* _ACTIVITY_
Reproduce the top of the data verbatim, through and including the line that contains "Carter's dvodelni komplet za bebe dečake".

* _SUPPLIED DATA_
*-*-*

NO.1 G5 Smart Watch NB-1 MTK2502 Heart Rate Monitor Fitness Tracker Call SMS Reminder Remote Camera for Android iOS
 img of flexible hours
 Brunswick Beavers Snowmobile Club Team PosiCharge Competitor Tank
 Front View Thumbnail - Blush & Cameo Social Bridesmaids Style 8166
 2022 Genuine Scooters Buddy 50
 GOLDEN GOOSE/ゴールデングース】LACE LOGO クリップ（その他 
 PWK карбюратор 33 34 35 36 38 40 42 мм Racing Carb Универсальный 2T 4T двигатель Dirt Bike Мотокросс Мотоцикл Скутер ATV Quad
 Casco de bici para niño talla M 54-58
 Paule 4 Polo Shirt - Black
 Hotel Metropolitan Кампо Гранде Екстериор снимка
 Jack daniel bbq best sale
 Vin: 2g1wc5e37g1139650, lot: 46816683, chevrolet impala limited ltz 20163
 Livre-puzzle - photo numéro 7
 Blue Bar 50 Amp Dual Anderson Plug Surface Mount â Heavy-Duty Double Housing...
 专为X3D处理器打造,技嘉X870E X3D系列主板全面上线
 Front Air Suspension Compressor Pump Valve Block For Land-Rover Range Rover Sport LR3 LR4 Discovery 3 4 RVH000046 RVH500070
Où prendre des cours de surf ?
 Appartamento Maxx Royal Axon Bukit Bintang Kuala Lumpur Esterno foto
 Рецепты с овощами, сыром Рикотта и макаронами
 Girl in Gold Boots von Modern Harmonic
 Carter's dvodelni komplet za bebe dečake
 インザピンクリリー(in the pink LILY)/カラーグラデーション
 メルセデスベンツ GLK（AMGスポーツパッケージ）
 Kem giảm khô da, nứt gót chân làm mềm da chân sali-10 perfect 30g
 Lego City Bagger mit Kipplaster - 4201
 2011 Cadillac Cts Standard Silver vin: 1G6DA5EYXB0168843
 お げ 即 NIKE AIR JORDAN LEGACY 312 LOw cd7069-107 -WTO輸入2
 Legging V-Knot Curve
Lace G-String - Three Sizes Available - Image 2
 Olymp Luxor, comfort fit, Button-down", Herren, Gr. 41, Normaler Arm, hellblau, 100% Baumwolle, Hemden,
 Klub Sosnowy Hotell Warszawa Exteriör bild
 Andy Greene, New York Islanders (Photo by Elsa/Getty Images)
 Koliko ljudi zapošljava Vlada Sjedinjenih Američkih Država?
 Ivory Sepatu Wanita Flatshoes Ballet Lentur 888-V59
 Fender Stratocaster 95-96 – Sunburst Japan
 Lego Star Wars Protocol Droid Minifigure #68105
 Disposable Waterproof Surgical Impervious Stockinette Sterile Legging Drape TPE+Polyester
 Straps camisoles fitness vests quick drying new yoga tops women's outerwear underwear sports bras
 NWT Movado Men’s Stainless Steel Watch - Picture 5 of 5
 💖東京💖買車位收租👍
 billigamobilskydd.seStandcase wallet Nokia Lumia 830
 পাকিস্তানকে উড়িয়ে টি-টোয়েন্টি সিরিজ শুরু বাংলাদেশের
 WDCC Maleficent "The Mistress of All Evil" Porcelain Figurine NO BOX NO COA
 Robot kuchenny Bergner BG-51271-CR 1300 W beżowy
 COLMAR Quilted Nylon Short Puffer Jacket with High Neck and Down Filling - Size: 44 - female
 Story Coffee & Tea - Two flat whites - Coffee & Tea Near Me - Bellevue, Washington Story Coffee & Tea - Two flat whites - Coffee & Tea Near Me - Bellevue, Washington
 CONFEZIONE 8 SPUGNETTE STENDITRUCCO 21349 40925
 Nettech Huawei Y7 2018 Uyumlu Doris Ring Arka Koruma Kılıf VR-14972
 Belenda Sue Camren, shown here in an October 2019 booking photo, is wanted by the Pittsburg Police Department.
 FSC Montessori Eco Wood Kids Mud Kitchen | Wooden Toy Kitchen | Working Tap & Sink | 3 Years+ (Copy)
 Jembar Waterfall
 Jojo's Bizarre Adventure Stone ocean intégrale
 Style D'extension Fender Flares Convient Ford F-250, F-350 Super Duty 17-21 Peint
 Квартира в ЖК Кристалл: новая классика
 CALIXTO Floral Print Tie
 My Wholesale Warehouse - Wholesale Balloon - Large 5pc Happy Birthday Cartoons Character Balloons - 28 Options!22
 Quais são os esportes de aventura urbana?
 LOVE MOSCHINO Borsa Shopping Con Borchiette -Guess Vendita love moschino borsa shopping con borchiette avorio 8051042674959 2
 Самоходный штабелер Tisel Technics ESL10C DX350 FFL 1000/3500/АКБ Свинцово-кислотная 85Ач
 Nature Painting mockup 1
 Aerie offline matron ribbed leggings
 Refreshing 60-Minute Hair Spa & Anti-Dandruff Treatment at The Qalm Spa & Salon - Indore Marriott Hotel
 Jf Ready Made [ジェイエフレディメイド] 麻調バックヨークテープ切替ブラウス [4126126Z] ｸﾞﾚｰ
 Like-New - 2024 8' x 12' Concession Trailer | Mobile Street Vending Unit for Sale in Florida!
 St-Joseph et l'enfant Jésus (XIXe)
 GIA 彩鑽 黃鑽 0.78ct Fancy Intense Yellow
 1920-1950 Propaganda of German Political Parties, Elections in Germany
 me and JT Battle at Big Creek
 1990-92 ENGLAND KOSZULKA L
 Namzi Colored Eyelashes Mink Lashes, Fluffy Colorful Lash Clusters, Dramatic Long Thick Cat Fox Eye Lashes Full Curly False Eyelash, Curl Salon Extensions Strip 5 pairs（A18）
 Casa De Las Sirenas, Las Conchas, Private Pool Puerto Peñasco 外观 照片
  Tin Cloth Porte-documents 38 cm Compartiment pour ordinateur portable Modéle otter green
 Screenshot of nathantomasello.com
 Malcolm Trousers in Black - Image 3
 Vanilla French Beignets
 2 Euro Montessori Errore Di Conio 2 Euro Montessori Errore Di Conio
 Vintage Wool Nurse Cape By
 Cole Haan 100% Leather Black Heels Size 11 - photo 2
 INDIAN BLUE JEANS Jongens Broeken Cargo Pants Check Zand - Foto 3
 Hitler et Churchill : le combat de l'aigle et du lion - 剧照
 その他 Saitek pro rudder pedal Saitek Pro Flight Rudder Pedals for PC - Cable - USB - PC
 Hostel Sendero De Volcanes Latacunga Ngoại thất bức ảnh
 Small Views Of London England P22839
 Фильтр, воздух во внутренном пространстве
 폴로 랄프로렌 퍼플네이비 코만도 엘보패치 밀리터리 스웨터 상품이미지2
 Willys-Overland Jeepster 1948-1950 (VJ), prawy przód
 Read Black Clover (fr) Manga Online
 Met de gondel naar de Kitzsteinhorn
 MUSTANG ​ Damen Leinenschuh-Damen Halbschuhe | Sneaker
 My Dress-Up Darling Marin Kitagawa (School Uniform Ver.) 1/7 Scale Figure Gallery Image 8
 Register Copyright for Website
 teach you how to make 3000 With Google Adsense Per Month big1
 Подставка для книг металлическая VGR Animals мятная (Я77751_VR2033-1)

*-*-*

* _RESPONSE_
NO.1 G5 Smart Watch NB-1 MTK2502 Heart Rate Monitor Fitness Tracker Call SMS Reminder Remote Camera for Android iOS
 img of flexible hours
 Brunswick Beavers Snowmobile Club Team PosiCharge Competitor Tank
 Front View Thumbnail - Blush & Cameo Social Bridesmaids Style 8166
 2022 Genuine Scooters Buddy 50
 GOLDEN GOOSE/ゴールデングース】LACE LOGO クリップ（その他 
 PWK карбюратор 33 34 35 36 38 40 42 мм Racing Carb Универсальный 2T 4T двигатель Dirt Bike Мотокросс Мотоцикл Скутер ATV Quad
 Casco de bici para niño talla M 54-58
 Paule 4 Polo Shirt - Black
 Hotel Metropolitan Кампо Гранде Екстериор снимка
 Jack daniel bbq best sale
 Vin: 2g1wc5e37g1139650, lot: 46816683, chevrolet impala limited ltz 20163
 Livre-puzzle - photo numéro 7
 Blue Bar 50 Amp Dual Anderson Plug Surface Mount â Heavy-Duty Double Housing...
 专为X3D处理器打造,技嘉X870E X3D系列主板全面上线
 Front Air Suspension Compressor Pump Valve Block For Land-Rover Range Rover Sport LR3 LR4 Discovery 3 4 RVH000046 RVH500070
Où prendre des cours de surf ?
 Appartamento Maxx Royal Axon Bukit Bintang Kuala Lumpur Esterno foto
 Рецепты с овощами, сыром Рикотта и макаронами
 Girl in Gold Boots von Modern Harmonic
 Carter's dvodelni komplet za bebe dečake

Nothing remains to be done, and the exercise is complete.